[Task] Exclude the pictures and repeat all of the data exactly.

[Data block]

---*---

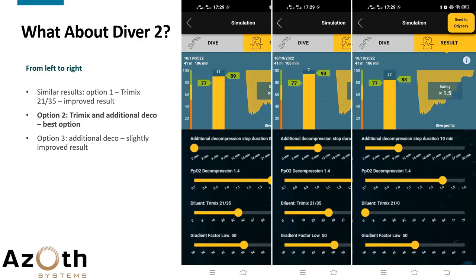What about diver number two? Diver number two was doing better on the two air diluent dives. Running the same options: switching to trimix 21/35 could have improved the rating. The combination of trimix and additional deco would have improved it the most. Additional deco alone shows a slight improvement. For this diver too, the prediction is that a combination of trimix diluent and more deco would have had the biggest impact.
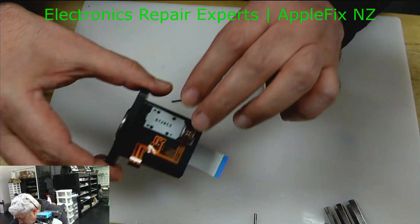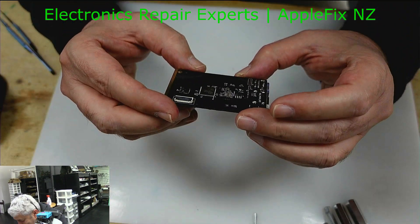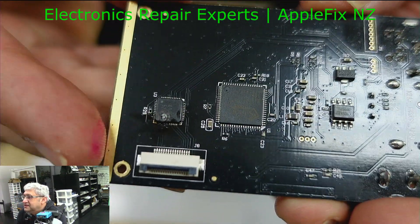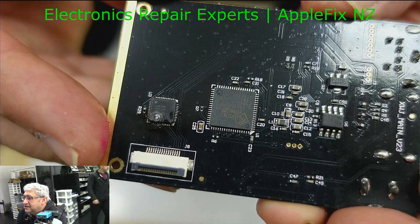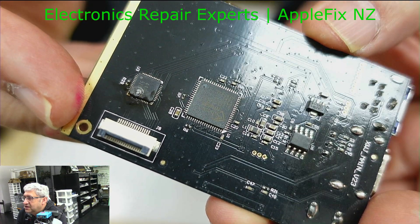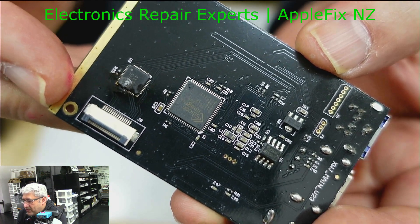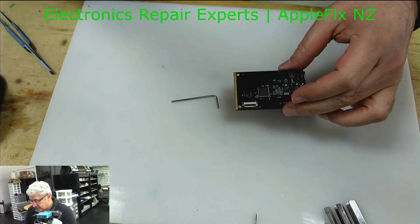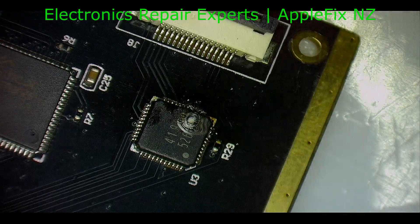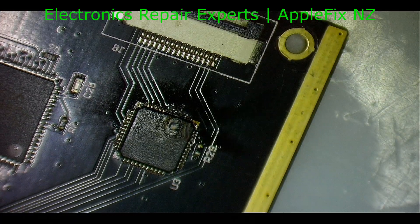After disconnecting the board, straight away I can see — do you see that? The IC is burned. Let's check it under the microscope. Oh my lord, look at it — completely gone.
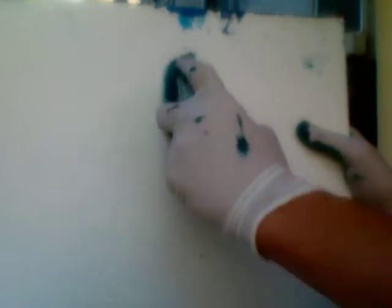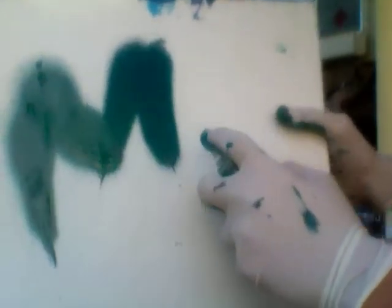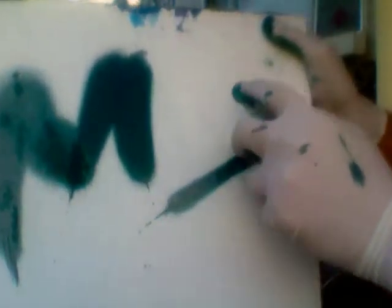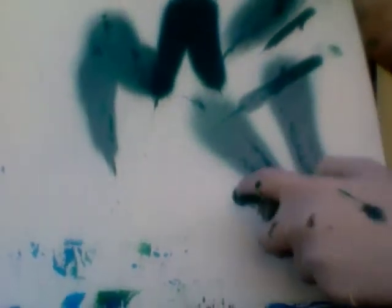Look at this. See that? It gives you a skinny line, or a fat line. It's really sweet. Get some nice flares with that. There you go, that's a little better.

---*---

[Your solution]
What about diver number two? Diver number two was doing better on the two air diluent dives. Running the same options: switching to trimix 21/35 could have improved the rating. The combination of trimix and additional deco would have improved it the most. Additional deco alone shows a slight improvement. For this diver too, the prediction is that a combination of trimix diluent and more deco would have had the biggest impact.
After disconnecting the board, straight away I can see — do you see that? The IC is burned. Let's check it under the microscope. Oh my lord, look at it — completely gone.
Look at this. See that? It gives you a skinny line, or a fat line. It's really sweet. Get some nice flares with that. There you go, that's a little better.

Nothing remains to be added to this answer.